Zona merah ini sering terjadi gerakan tanah, sedangkan gerakan tanah lama dan gerakan tanah baru masih aktif akibat curah hujan tinggi serta erosi kuat.
Kisaran kemiringan lereng di zona merah ini mulai terjal dari 15 persen hingga 30 persen sampai curam lebih besar dari 70 persen, tergantung pada sifat fisik dan keteknikan batuan dan tanah.
"Artinya, daerah ini memilki kemiringan tinggi dan karakter batuannya kedap air," ujar Agus.
Jembatan Cisomang yang berada di kawasan zona merah ini kata Agus, masuk ke dalam formasi Jatiluhur yang batuannya terdiri dari batuan lempung, napal, breksi gunung api, batu pasir andesit dan brek andesit. Karakteristik batuan mudah dijenuhkan air lalu sifatnya plastis kemudian ditutup oleh lapisan vulkanis.
Dalam bahasa sederhana, ia menyebuyt batuan ini jika terkena air akan mudah pecah atau gembur.
"Nah si pondasi jembatan ini bertumpu di atas batuan itu. Jadi faktor inilah yang menyebabkan wilayah ini sangat mudah bergerak dan tentunya hal seperti ini harus dipantau ke depannya," kata Agus.
Ia kembali menegaskan bahwa rusaknya jembatan sepanjang kurang lebih 252 meter ini merupakan konsekuensi dari kondisi geologisa.
"Jadi perlu rekayasa keteknikan tinggi untuk atasi masalah jembatan ini," ujarnya.
Wilayah Indonesia kata dia didominasi kawasan rawan bencana. Termasuk di kawasan jembatan. Namun, bukan berarti harus dihindari.

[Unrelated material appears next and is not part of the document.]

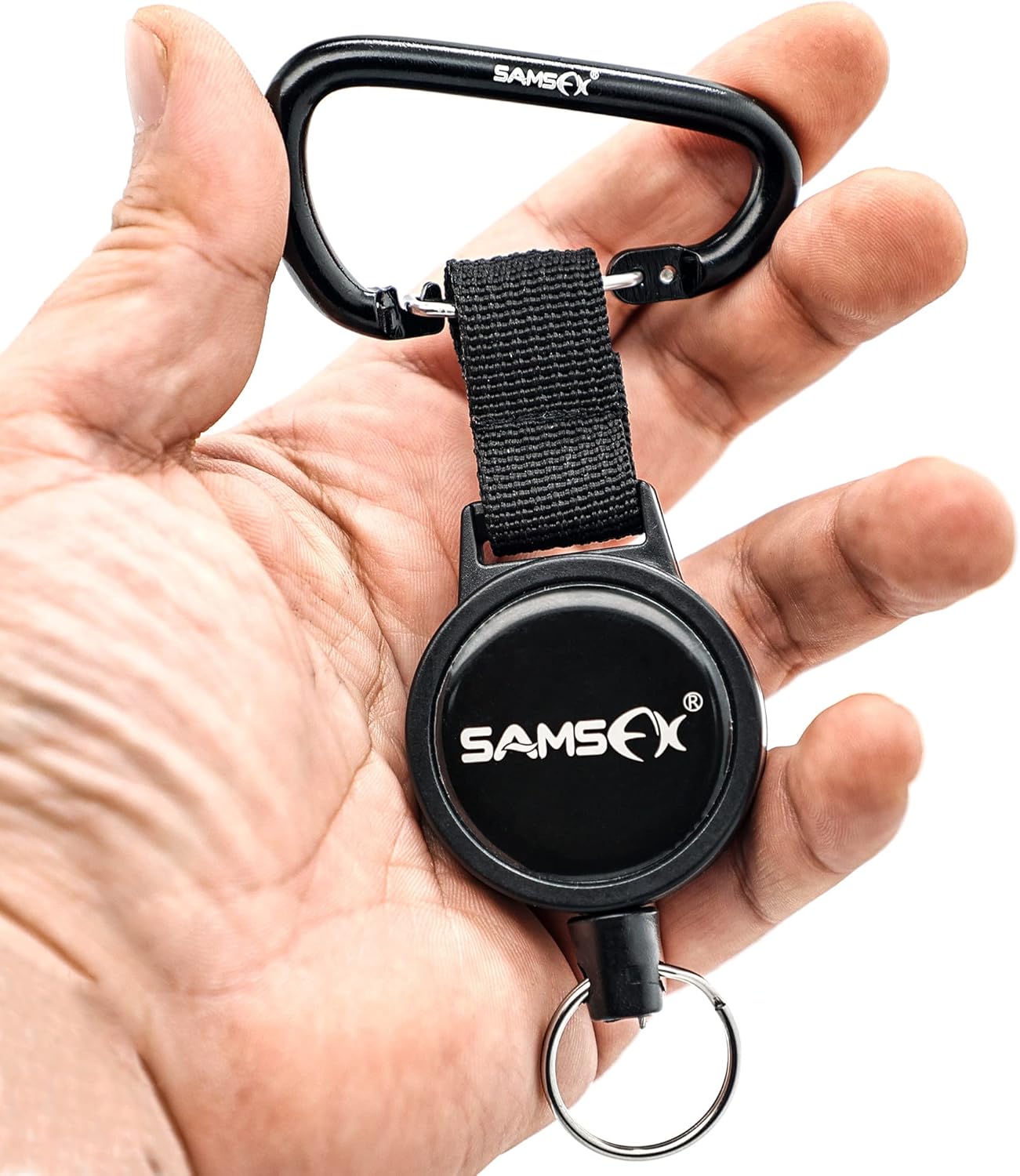 SAMSFX Fishing Heavy Duty Zinger Retractor for Outdoor Fly Fishing Tools Gear Keeper Built-in 24" Steel Cable, 2PCS in Pack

"Tapi yang penting bagaimana kita bisa meningkatkan kapasitas keteknikan kita supaya jalur yang dibangun ini mampu mengatasi kondisi rawan bencana," ujar dia.
Pondasi jembatan yang retak terdapat di pilar nomor 2 (P2). Kondisi itu menyebabkan pergeseran jembatan sepanjang 53 cm ke arah Bandung dan Jakarta. Pondasi pilar yang rusak itu berada di bibir Sungai Cisomang. Jarak bibir sungai dengan fondasi sekitar 10 meter.
"Seluruh gerakan tanah punya faktor tentan perjalanan air. Jadi aliran air disusup batuan. Nah itu sebenarnya yang tentunya harus di pahami untuk atasi bagaimana gerakan tanah itu sendiri," katanya.